WHAT THE EXERCISE ASKS. Using the entries that follow, transcribe only the lines from the line with "1 комната ·" to the line with "TF88 Có Lừa Đảo Người Chơi Không? - bexin", both included, exactly as they stand and without pictures.

SOURCE RECORDS.

-=-=-=-=-

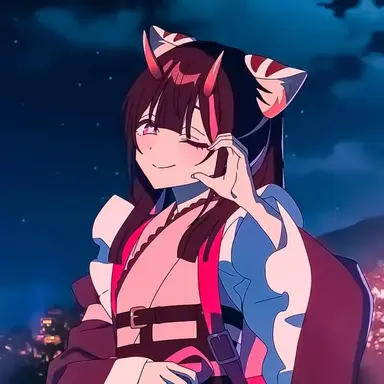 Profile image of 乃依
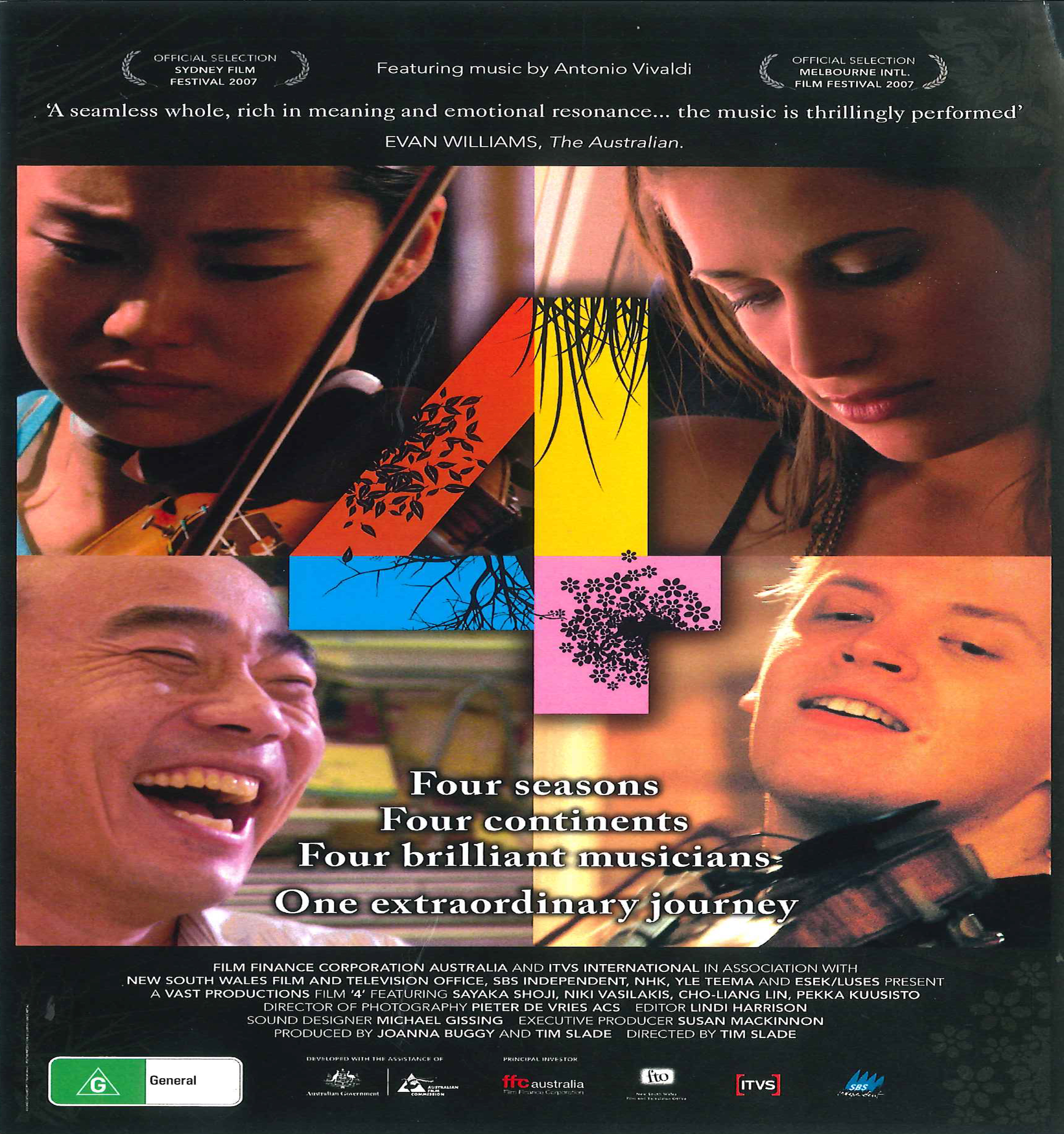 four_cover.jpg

-=-=-=-=-

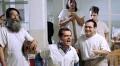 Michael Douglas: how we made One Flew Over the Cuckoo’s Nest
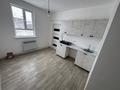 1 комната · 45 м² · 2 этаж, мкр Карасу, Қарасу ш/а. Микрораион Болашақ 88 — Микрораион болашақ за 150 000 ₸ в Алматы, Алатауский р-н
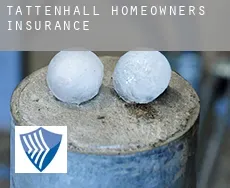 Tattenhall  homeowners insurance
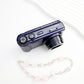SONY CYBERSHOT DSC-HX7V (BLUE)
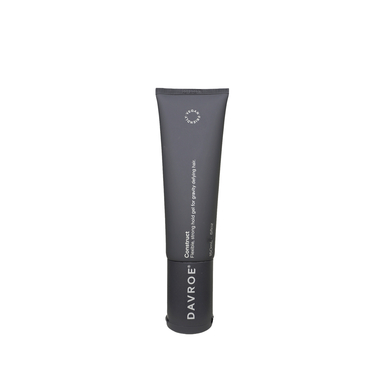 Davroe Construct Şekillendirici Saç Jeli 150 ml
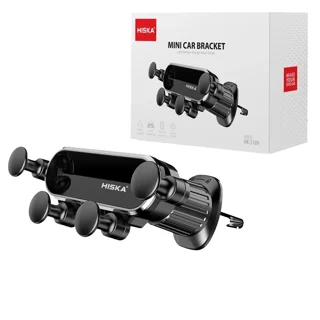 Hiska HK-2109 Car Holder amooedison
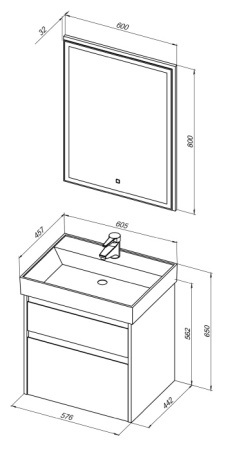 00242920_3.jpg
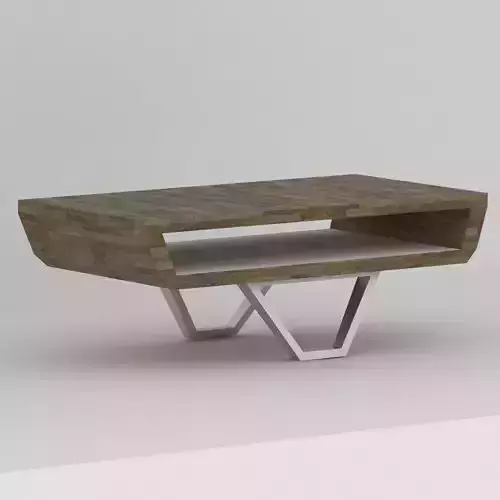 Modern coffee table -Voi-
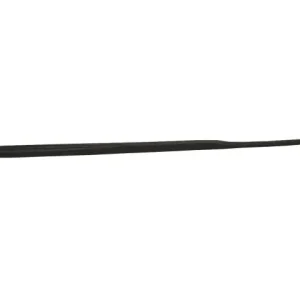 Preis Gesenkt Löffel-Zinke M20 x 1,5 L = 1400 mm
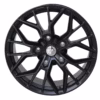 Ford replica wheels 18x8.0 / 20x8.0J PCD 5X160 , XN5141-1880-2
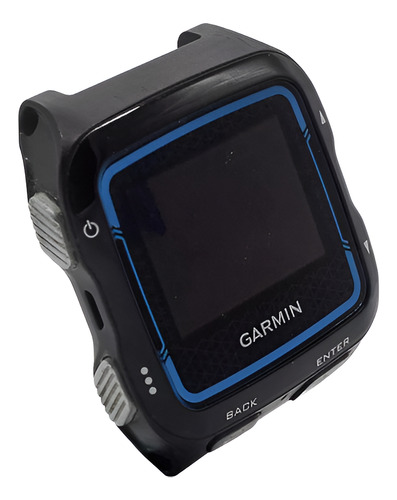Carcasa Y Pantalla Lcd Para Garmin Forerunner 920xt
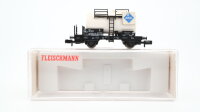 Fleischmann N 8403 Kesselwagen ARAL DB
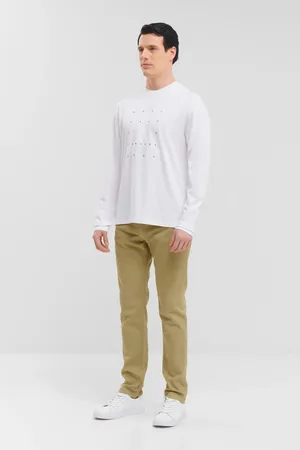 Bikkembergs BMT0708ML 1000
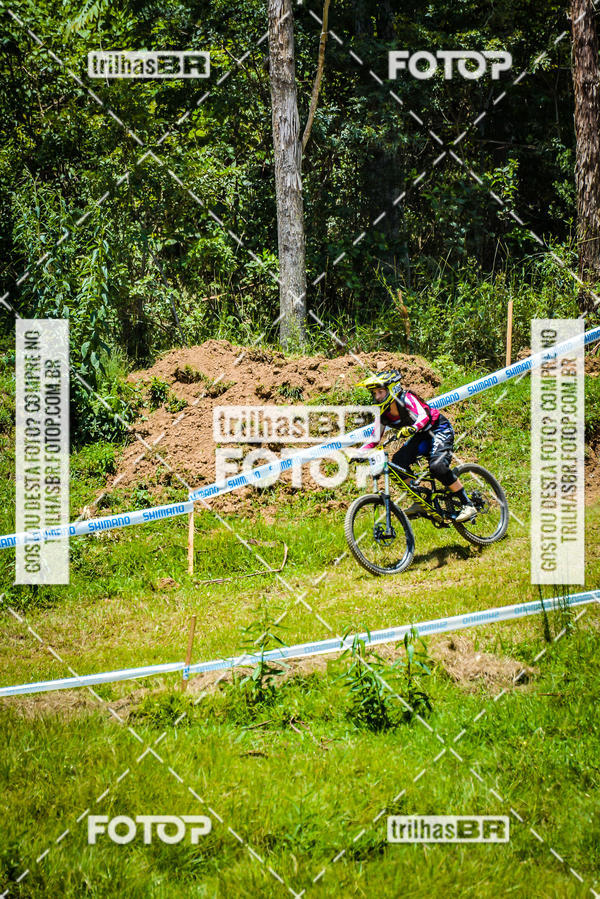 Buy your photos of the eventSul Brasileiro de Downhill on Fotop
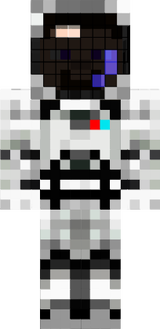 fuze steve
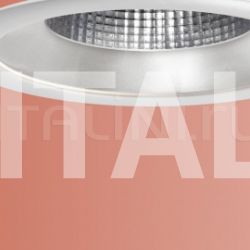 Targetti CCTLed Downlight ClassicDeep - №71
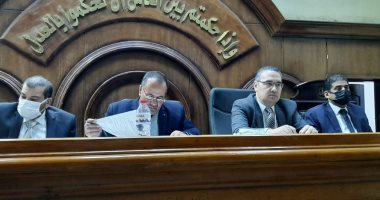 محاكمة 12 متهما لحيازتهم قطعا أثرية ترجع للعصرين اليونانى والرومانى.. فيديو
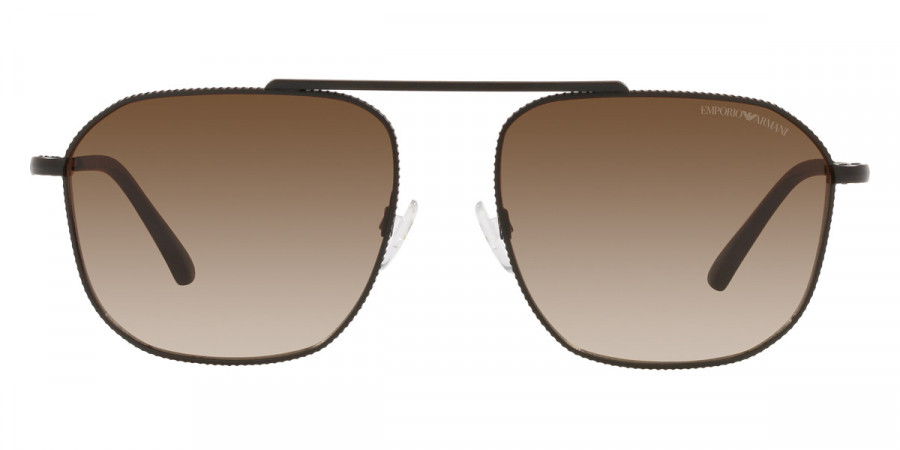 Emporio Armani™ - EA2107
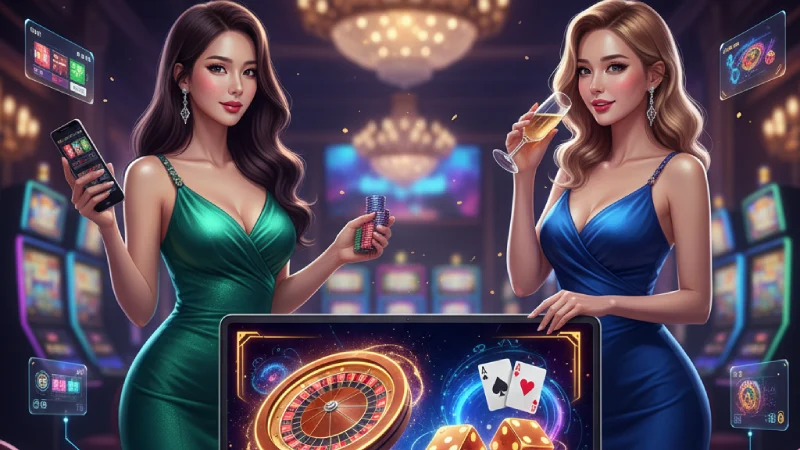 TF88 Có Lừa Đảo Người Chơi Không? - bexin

-=-=-=-=-

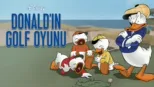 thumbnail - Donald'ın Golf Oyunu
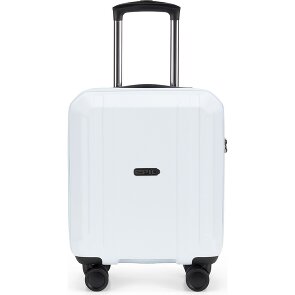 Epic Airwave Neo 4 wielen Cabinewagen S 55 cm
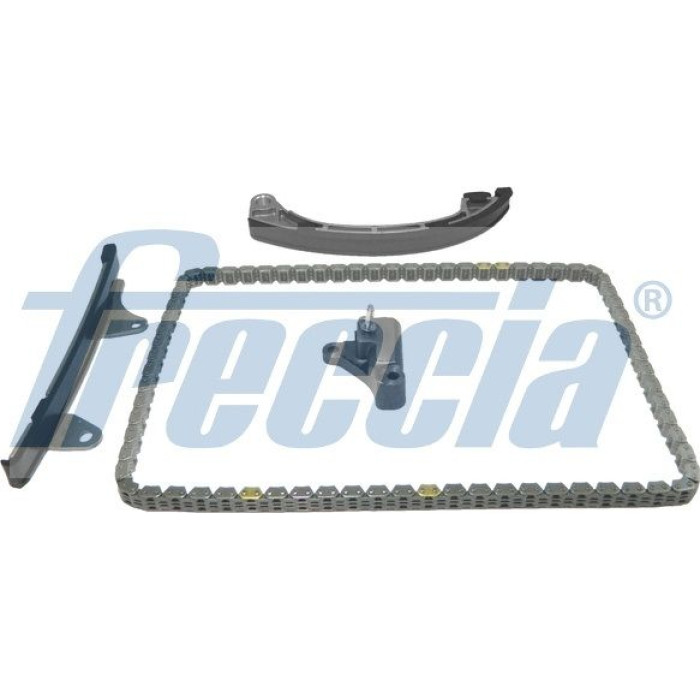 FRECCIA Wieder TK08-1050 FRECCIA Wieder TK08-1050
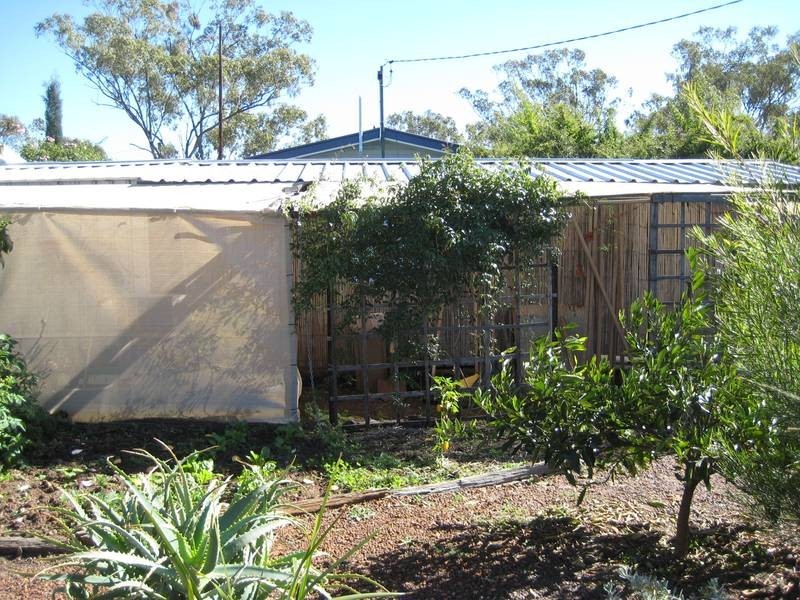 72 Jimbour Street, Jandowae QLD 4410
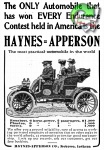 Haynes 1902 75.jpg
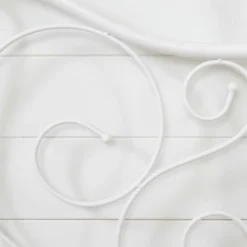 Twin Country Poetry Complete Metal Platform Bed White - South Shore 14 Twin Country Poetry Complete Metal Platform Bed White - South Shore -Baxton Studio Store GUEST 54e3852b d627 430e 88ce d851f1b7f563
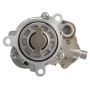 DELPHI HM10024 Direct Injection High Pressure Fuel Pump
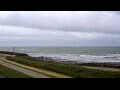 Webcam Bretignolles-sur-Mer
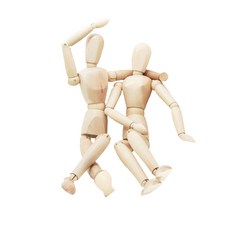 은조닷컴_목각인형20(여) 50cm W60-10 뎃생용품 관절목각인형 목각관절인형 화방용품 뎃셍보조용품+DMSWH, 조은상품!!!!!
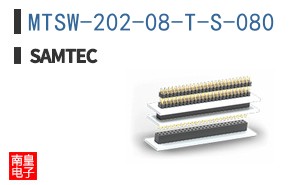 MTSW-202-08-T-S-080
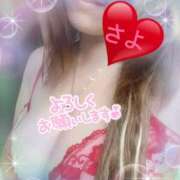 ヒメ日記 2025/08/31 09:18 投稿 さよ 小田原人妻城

-=-=-=-=-

RESPONSE TO THIS EXERCISE.
 1 комната · 45 м² · 2 этаж, мкр Карасу, Қарасу ш/а. Микрораион Болашақ 88 — Микрораион болашақ за 150 000 ₸ в Алматы, Алатауский р-н
 Tattenhall  homeowners insurance
SONY CYBERSHOT DSC-HX7V (BLUE)
 Davroe Construct Şekillendirici Saç Jeli 150 ml
 Hiska HK-2109 Car Holder amooedison
 00242920_3.jpg
 Modern coffee table -Voi-
 Preis Gesenkt Löffel-Zinke M20 x 1,5 L = 1400 mm
 Ford replica wheels 18x8.0 / 20x8.0J PCD 5X160 , XN5141-1880-2
Carcasa Y Pantalla Lcd Para Garmin Forerunner 920xt
 Fleischmann N 8403 Kesselwagen ARAL DB
 Bikkembergs BMT0708ML 1000
 Buy your photos of the eventSul Brasileiro de Downhill on Fotop
 fuze steve
 Targetti CCTLed Downlight ClassicDeep - №71
 محاكمة 12 متهما لحيازتهم قطعا أثرية ترجع للعصرين اليونانى والرومانى.. فيديو
 Emporio Armani™ - EA2107
 TF88 Có Lừa Đảo Người Chơi Không? - bexin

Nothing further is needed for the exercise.